On June 1, 2022, prosecutors in the Southern District of New York charged and arrested Nathaniel Chastain, a former product manager at the online marketplace OpenSea. OpenSea claims to be the world’s first and largest Web3 marketplace for NFTs and crypto collectibles.
According to the indictment, Chastain was tasked with selecting NFTs to put on OpenSea’s homepage. OpenSea has kept those homepage choices secret until they appear online, as main page listings are often turned into skyrocketing prices for both featured NFTs, as well as NFTs made by the same creator. Chastain will secretly purchase an NFT just before OpenSea introduces this section on the front page of its website. When those NFTs appeared on the main page, he allegedly would sell them “at a profit of two to five times his original purchase price.” Chastain currently faces one count of wire fraud and one count of money laundering, related to a scheme to conduct insider trading in NFTs.
If NFTs are considered securities, how will securities laws impact NFTs?
Whether or not a particular NFT is considered secure will depend a lot on the purpose for which it was created and how it is marketed to buyers. If an NFT is marketed and sold as a static asset, such as a photo with a certificate of authenticity, then it is less likely to be considered a security. However, if an NFT is sold with the assumption or intention to recoup a profit, then it is most likely classified as a security.

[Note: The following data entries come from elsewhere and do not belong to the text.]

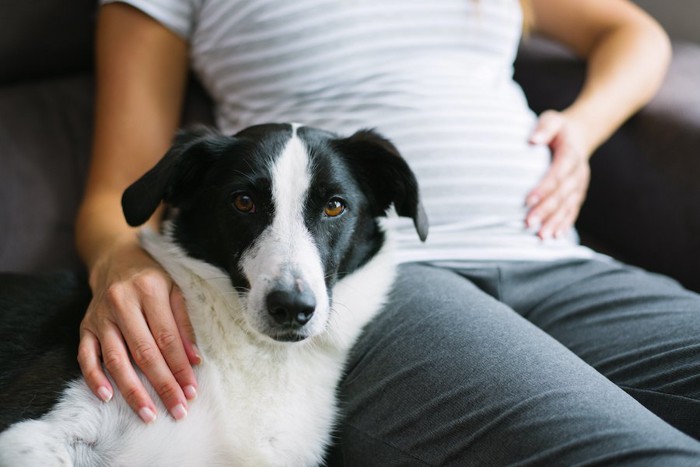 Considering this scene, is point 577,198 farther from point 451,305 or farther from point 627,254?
point 451,305

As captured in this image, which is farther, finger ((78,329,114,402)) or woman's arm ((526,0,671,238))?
woman's arm ((526,0,671,238))

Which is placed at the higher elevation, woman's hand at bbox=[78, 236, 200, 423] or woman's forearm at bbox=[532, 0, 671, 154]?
woman's forearm at bbox=[532, 0, 671, 154]

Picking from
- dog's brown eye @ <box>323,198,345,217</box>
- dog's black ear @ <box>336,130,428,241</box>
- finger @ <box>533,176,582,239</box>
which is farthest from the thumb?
dog's brown eye @ <box>323,198,345,217</box>

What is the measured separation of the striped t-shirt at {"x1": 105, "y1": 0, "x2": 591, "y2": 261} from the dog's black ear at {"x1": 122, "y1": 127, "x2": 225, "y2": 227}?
1.10 ft

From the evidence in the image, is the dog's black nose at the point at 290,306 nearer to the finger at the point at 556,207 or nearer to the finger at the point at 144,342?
the finger at the point at 144,342

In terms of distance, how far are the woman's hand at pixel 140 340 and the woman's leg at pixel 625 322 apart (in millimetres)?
704

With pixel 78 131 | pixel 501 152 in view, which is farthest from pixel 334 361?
pixel 78 131

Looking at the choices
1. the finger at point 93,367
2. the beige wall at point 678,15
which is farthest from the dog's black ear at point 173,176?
the beige wall at point 678,15

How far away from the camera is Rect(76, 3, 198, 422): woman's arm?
1.13 m

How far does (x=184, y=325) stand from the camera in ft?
4.03

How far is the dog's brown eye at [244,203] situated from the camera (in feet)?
4.02

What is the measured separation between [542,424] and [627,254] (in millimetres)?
1083

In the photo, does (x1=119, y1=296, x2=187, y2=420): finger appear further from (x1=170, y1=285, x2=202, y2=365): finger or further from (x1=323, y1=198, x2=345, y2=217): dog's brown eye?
(x1=323, y1=198, x2=345, y2=217): dog's brown eye

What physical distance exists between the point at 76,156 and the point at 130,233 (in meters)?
0.51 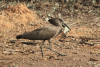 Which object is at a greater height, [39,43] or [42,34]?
[42,34]

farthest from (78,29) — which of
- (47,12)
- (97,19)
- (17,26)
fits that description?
(17,26)

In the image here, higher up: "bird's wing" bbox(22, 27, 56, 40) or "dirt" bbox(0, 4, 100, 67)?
"bird's wing" bbox(22, 27, 56, 40)

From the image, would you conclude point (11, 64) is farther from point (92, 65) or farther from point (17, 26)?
point (17, 26)

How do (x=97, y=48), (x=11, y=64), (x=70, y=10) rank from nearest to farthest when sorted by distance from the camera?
(x=11, y=64)
(x=97, y=48)
(x=70, y=10)

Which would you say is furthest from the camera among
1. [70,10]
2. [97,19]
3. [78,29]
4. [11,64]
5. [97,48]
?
[70,10]

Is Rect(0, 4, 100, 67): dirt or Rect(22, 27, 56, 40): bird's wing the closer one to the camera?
Rect(0, 4, 100, 67): dirt

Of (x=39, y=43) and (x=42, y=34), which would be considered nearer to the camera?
(x=42, y=34)

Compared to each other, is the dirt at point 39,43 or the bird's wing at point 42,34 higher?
the bird's wing at point 42,34

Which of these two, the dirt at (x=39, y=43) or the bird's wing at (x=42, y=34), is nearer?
the dirt at (x=39, y=43) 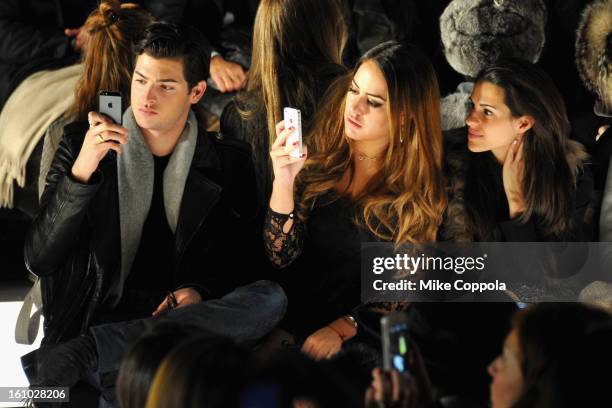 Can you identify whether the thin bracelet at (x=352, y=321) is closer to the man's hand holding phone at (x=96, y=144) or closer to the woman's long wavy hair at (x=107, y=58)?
the man's hand holding phone at (x=96, y=144)

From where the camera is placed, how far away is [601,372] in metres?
2.20

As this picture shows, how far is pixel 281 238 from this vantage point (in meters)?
3.50

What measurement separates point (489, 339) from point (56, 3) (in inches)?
89.8

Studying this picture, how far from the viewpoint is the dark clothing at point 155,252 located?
3.57m

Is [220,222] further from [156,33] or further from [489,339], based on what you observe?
[489,339]

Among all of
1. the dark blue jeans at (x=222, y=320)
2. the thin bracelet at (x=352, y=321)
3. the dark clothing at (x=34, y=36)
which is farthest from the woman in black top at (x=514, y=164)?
the dark clothing at (x=34, y=36)

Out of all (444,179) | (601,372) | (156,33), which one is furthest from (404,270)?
(601,372)

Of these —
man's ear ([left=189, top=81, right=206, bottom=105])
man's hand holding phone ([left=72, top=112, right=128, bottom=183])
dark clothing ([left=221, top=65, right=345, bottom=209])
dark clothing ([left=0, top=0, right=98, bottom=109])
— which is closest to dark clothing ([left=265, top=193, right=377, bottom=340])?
dark clothing ([left=221, top=65, right=345, bottom=209])

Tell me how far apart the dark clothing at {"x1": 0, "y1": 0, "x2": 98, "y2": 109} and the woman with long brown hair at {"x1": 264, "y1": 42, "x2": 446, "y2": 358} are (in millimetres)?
1346

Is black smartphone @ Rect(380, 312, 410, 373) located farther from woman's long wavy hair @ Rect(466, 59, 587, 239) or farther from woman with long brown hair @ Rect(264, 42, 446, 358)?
woman's long wavy hair @ Rect(466, 59, 587, 239)

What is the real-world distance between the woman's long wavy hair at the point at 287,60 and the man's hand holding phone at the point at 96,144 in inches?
23.2

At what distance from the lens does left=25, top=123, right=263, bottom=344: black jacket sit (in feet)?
11.1

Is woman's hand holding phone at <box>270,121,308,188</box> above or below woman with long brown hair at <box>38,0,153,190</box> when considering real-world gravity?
below

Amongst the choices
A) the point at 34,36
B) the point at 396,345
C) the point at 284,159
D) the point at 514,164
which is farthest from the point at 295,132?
the point at 34,36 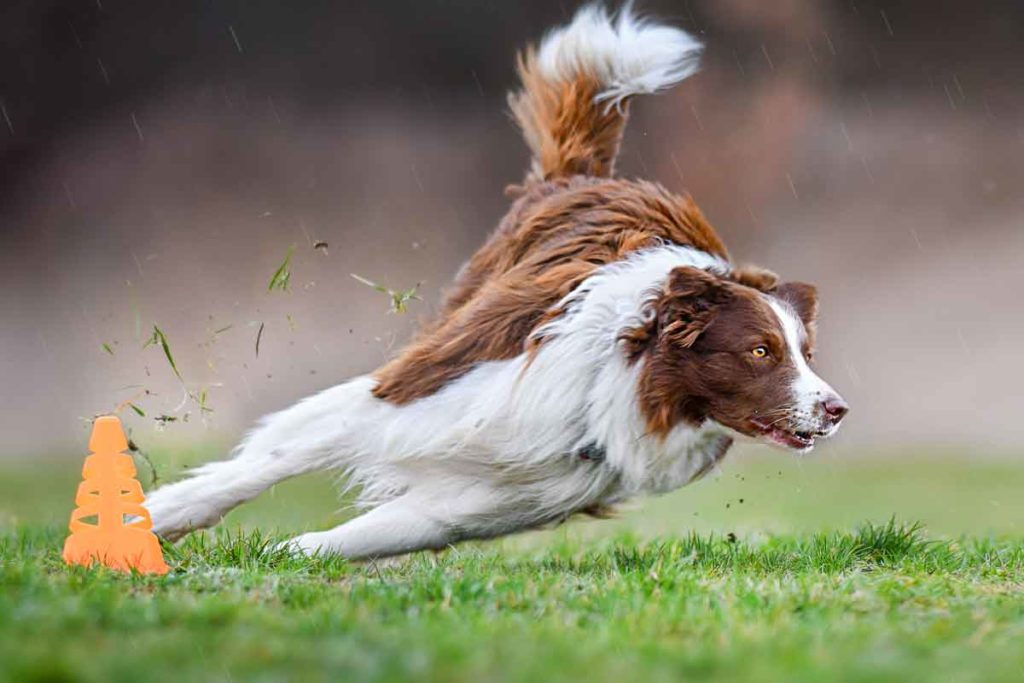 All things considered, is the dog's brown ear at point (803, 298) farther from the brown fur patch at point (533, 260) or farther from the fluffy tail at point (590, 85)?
the fluffy tail at point (590, 85)

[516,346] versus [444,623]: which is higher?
[516,346]

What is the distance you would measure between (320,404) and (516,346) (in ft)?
3.13

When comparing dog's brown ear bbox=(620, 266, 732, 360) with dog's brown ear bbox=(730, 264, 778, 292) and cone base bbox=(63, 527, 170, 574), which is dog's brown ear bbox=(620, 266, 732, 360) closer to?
dog's brown ear bbox=(730, 264, 778, 292)

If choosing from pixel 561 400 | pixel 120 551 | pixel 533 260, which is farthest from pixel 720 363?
pixel 120 551

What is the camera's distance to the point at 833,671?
3084 millimetres

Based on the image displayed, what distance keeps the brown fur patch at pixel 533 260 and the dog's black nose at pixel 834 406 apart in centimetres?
109

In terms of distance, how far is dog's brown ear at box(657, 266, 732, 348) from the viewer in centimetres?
530

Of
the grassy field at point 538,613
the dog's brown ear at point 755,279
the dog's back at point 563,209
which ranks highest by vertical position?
the dog's back at point 563,209

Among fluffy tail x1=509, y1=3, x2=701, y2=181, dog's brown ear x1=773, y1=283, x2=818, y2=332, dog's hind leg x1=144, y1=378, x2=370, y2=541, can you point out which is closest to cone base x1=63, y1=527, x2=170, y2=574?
dog's hind leg x1=144, y1=378, x2=370, y2=541

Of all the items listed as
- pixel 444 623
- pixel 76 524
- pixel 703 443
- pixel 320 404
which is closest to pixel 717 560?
pixel 703 443

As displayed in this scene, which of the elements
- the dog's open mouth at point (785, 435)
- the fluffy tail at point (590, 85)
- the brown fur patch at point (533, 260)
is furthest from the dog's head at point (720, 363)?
the fluffy tail at point (590, 85)

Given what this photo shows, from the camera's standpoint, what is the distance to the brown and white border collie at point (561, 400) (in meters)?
5.32

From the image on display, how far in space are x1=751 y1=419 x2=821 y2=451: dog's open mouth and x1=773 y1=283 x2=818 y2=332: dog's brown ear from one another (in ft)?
2.03

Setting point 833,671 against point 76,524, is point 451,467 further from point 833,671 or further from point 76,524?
point 833,671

Exchange platforms that store NFTs for sale and distribution should proceed with caution: if they are facilitating the trading of NFTs that are considered secure, then the NFT exchange platform may be considered to be operating an unregistered stock exchange, an act that would be sanctioned by the Securities and Exchange Commission (SEC).
To minimize risk, companies that issue NFTs or facilitate NFT trading should implement NFT trading policies or proactively evaluate their existing policies and practices in a manner similar to public companies that minimize insider trading risk. NFT trading policies should remind employees that nonpublic information about NFT launches or promotions is confidential and must be treated as such.
Companies may consider banning some or all employees from buying NFTs, at least for a period of time after the initial launch. They may also consider extending the ban to family members and relevant third parties. In addition to implementing the policy, companies must regularly train and communicate with employees to ensure positive awareness and compliance.
To stay ahead of extant regulations and regulatory practices, NFT creators, investors, or trading platforms should take a cautious stance and look to public companies for best practices. While it may feel daunting to get started, implementing cohesive policies is an important step to take to mitigate the risks associated with insider trading.